The other day, yes, there I was again!  Thank you to Obamacare for keeping my college student daughter on my policy, but she had obtained her very own now and we needed to remove her, so back for a visit I would go. 

I walked in and something seemed oddly different.  I heard what sounded like a radio behind me. I turned and saw a mounted flat screen television with CNN news echoing in the austere lobby.  I saw chairs and every one of them had someone in it.  I started to smile.  Another turn and now, directly in front of me was a long work table with four or five chairs on one side of it and people seated and writing....I guessed they were letters of appeal which beforehand you would write out on a legal pad using the wall or one's bent leg for a hard surface. 
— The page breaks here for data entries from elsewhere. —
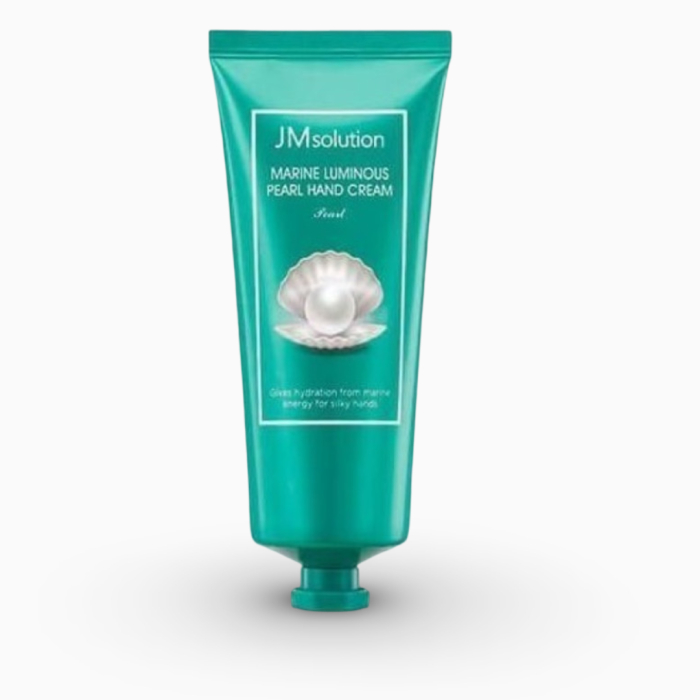 Crema hidratanta  de maini cu extract de perle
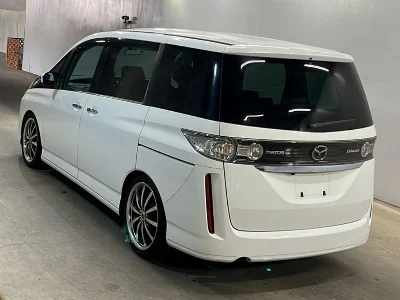 MAZDA BIANTE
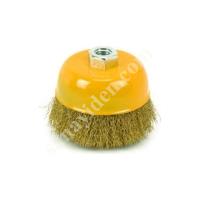 IMPORTED FRINGED CUP BRUSH 65MM,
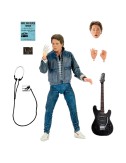 Back to the Future Marty McFly Audition figure 18cm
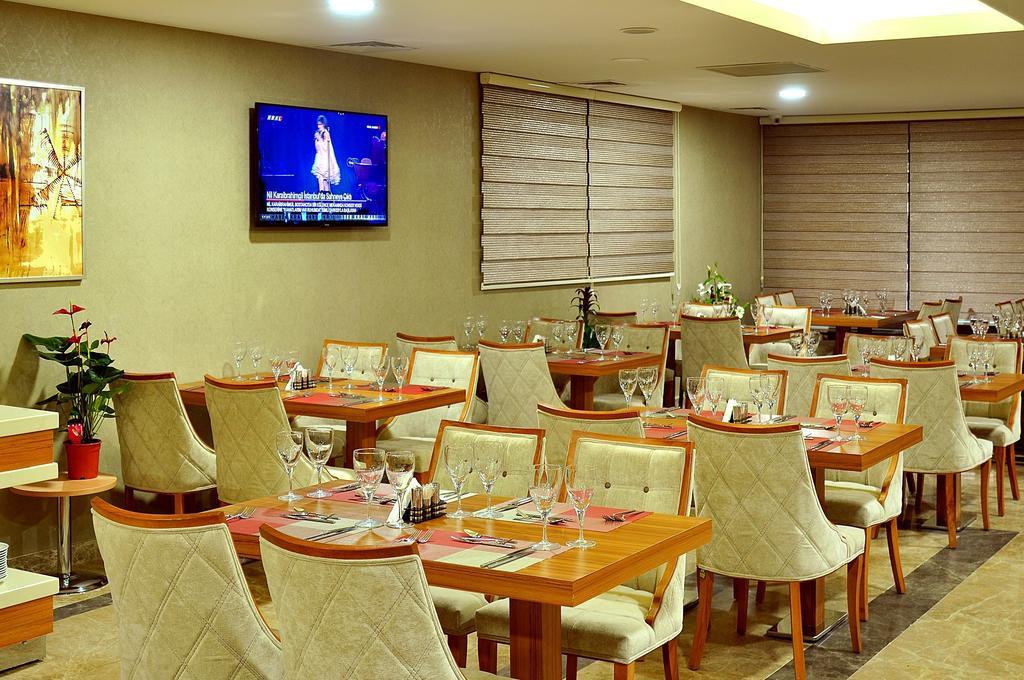 Starton Hotel Анкара Экстерьер фото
Another smile.  Then, an audible chuckle.  I actually experienced a moment of squeaky wheel glee!  I left the lobby with uncharacteristic cheer, vowing to come back with "secret" camera in hand. 
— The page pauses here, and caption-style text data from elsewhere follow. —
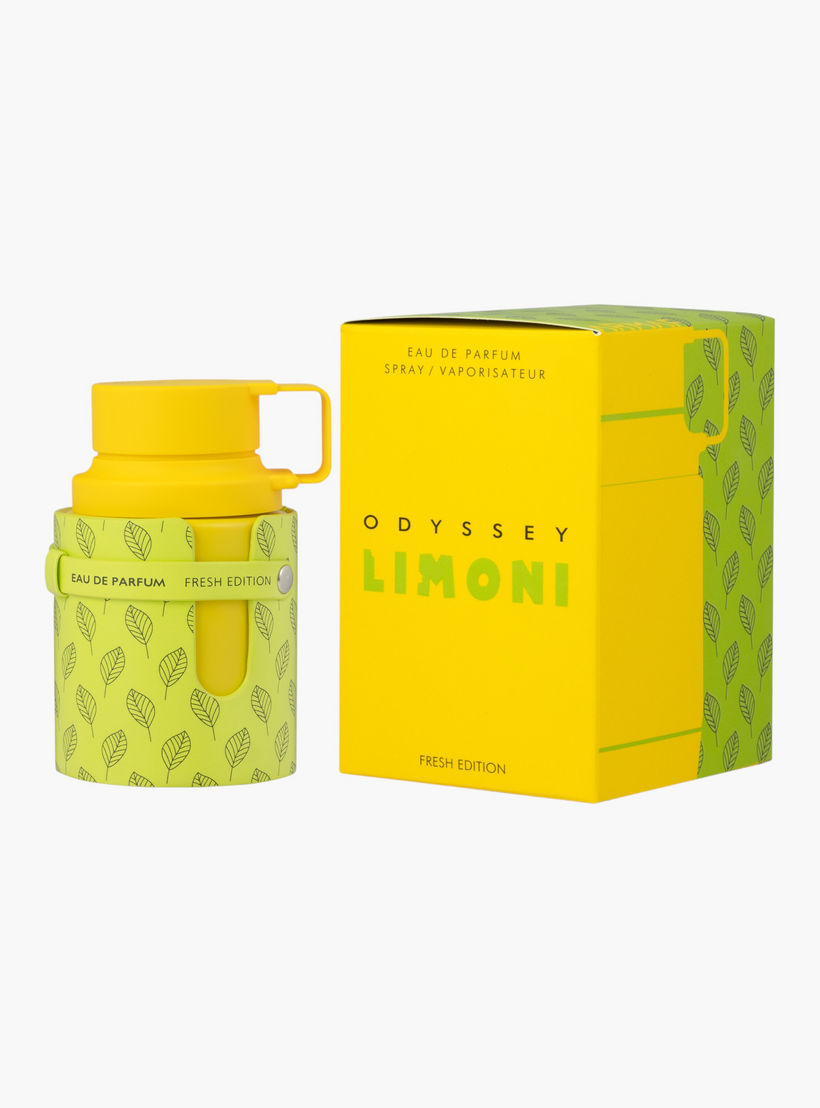 ARMAF Odyssey Limoni Eau de Parfum for Women - 100 ml-beautyandpersonalcare-fragrance-women-image-3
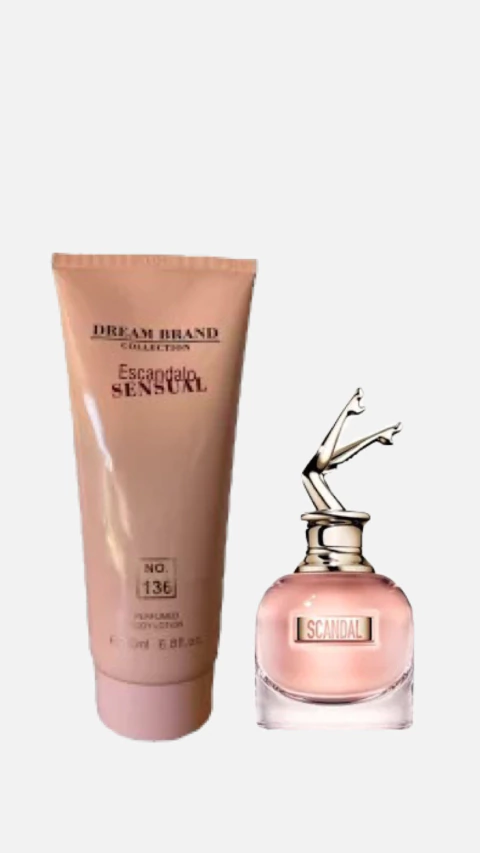 Hidratante Dream Brand 136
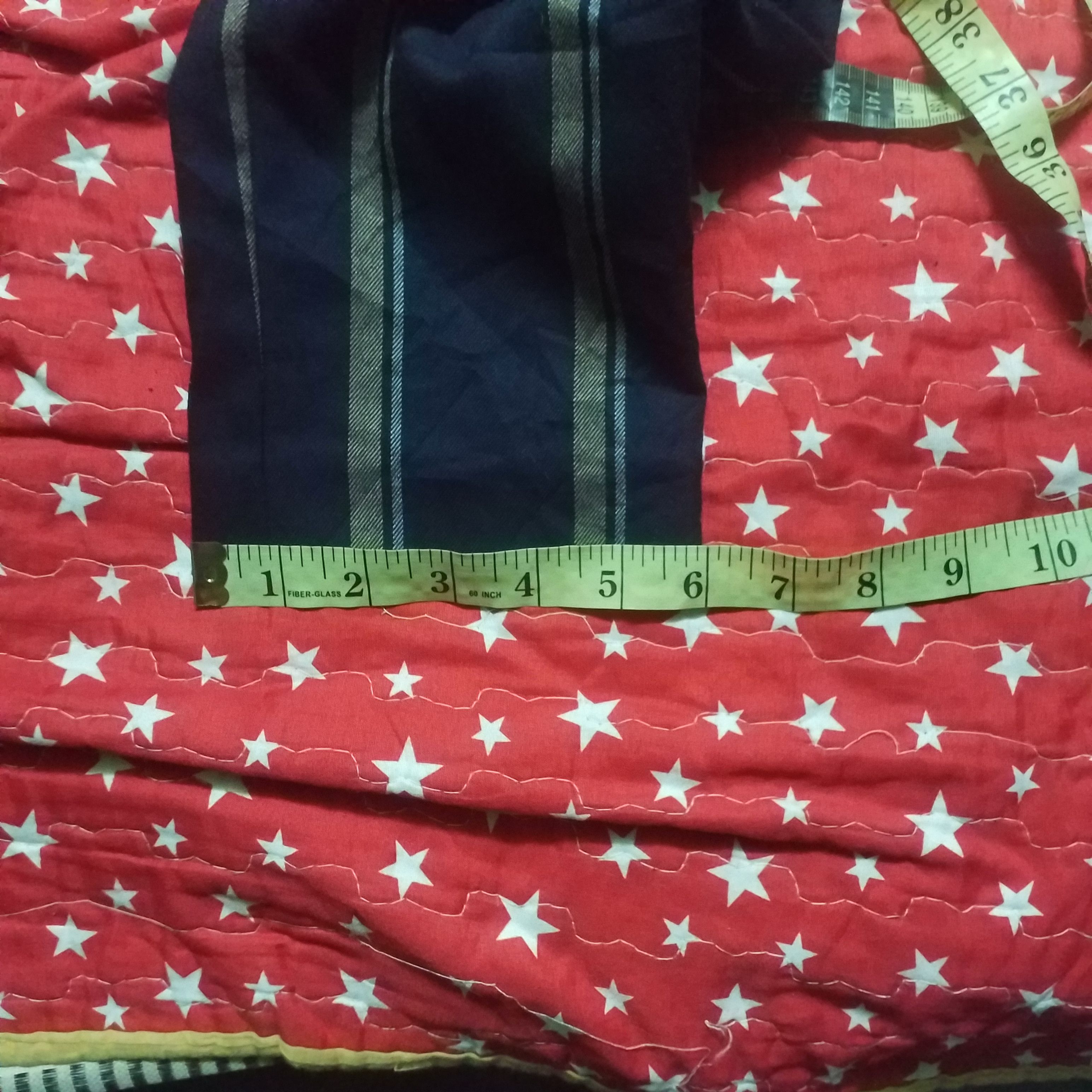Uniqlo UNIQLO WOMEN STRIPE PANT Size 26" / US 2 / IT 38 - 2 Thumbnail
I've included photos for you to see - taken at the beginning of the month...alas, the long writing table is gone, but now there is valet parking!  And - with Blue Cross BLUE cones marking the way! Love that branding!
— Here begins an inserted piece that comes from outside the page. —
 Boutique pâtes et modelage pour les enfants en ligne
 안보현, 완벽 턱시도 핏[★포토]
Do you think the blog entry made a difference?  Were 'we' the grease?  Yes, I squeaked and you replied, then twitter chimed in, then Facebook, then a few other blogs commented on it, and then a Blue Cross "anonymous" showed up to respond, too.  Anonymous took this to heart.  Anonymous probably was pretty powerful.  Anonymous didn't grind it his/her heels but created change.  And pretty quickly, too....

So, for my daughter and for others who think change just can't happen, or their voice just isn't being heard, try a little squeak.  Use your blog (or someone else's), tweet a little tweet, write a meandering post, or two.  Make a little noise. 

With kudos to BCBS's "anonymous" and a nostalgic tip of the hat to my mom, who was wise, indeed, let me say, there is power in your voice, in your words. Sometimes people listen and sometimes corporate walls hear the reasonable squeak and respond. And I have an example for my children that in this large world of megasystems, do not be afraid to gently nudge that wheel, even if it seems up hill all the way....

1 comment:

Anonymous said...

All too often wheels don't want to squeak for fear of being thought a whiney wheel, but consider that the wheel that isn't squeaking not only doesn't get the grease, it doesn't even get noticed.